(Task statement) Copy task, pictures excluded: set down exactly the lines from the one containing "thumbnail image 4" to the end of the data below.

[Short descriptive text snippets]

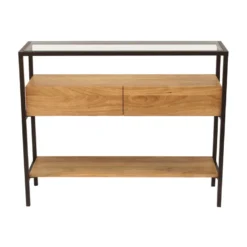 Console en bois clair manguier massif et plateau en verre 2 tiroirs l100 cm sita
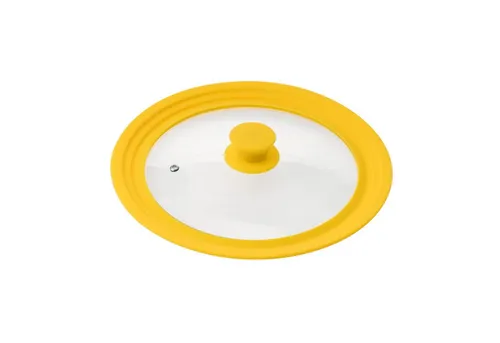 bremermann Universaldeckel Universal-Glasdeckel mit Silikonrand, 24/26/28 cm, mittel, gelb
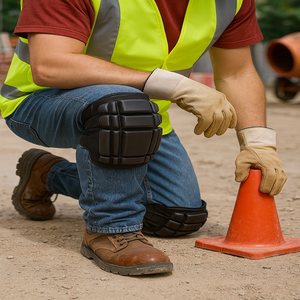 Protection de base : Genouillère stabilisatrice épaisse en EVA avec différents types de fermeture pour travaux légers de jardinage et de pose de carrelage - Product Image 2
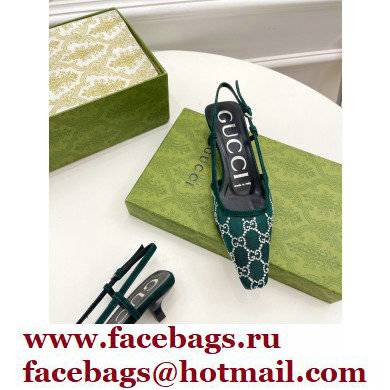 Gucci Heel 4cm GG Slingback Pumps Mesh Green/Crystals 2022 - Click Image to Close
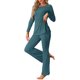 thumbnail image 4 of INSPIRE CHIC Conjunto de Salón de Punto Acanalado para Mujer, Conjunto de Pijama de Dos Piezas con Top de Manga Larga y Pantalones, S Azul Pavo Real, 4 of 6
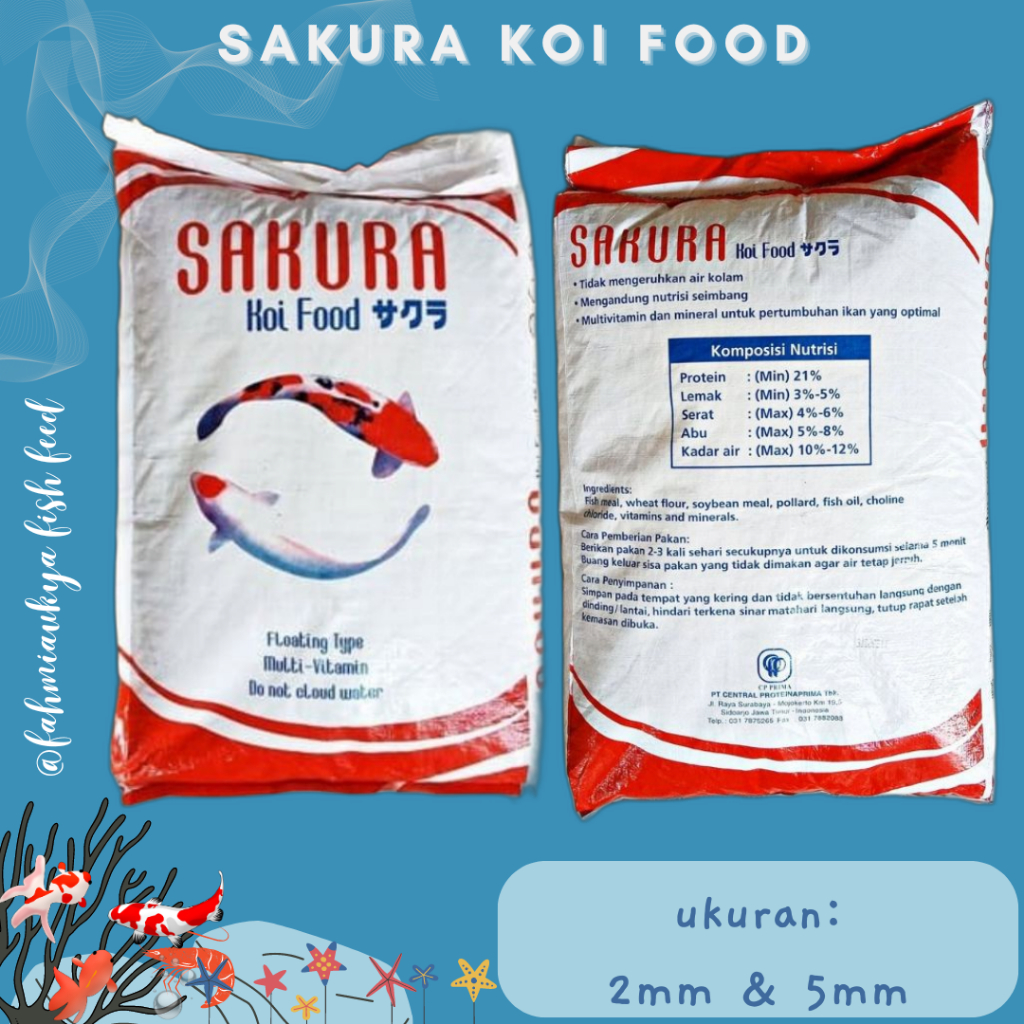 SAKURA KOI FOOD | REPACK 1 Kg Pakan Pelet Ikan Koi | SAKURA KOI FOOD Apung 2mm, 5mm | Pelet Ikan Koi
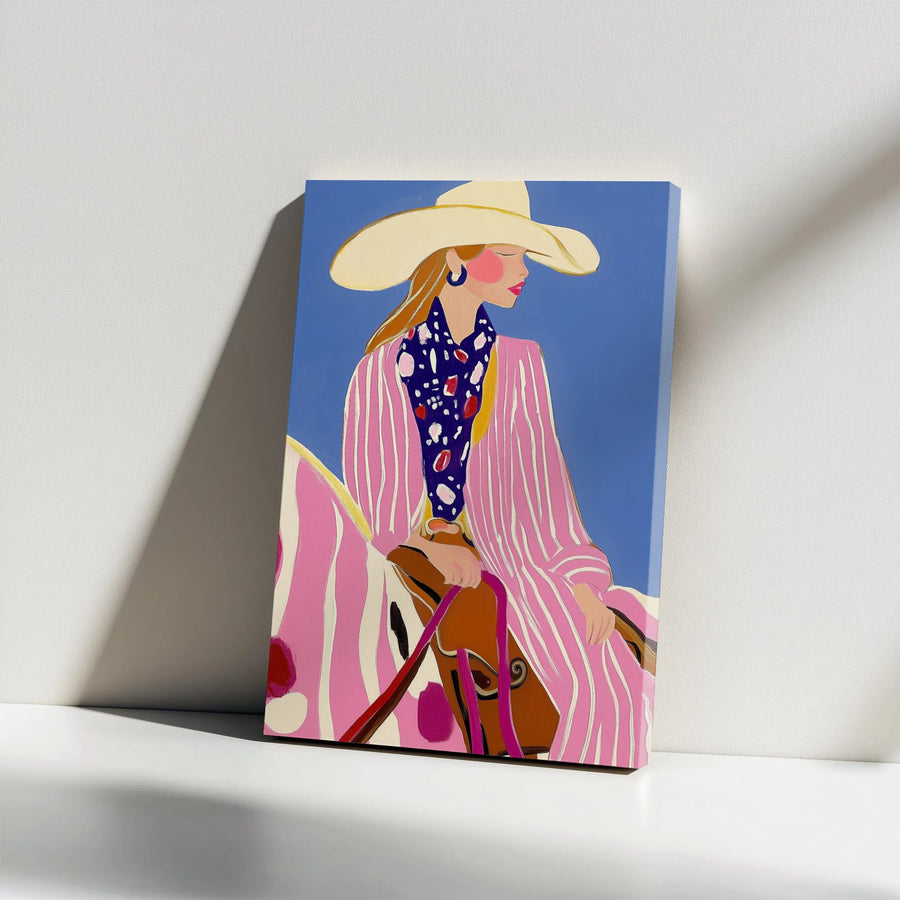 Abstract Cowgirl Canvas Wall Art | Colorful Western Fashion Illustration | Premium Gallery Wrap Decor | Stylish Gift for Modern Home Office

(Response for this exercise)
 thumbnail image 4 of INSPIRE CHIC Conjunto de Salón de Punto Acanalado para Mujer, Conjunto de Pijama de Dos Piezas con Top de Manga Larga y Pantalones, S Azul Pavo Real, 4 of 6
 SAKURA KOI FOOD | REPACK 1 Kg Pakan Pelet Ikan Koi | SAKURA KOI FOOD Apung 2mm, 5mm | Pelet Ikan Koi
 Abstract Cowgirl Canvas Wall Art | Colorful Western Fashion Illustration | Premium Gallery Wrap Decor | Stylish Gift for Modern Home Office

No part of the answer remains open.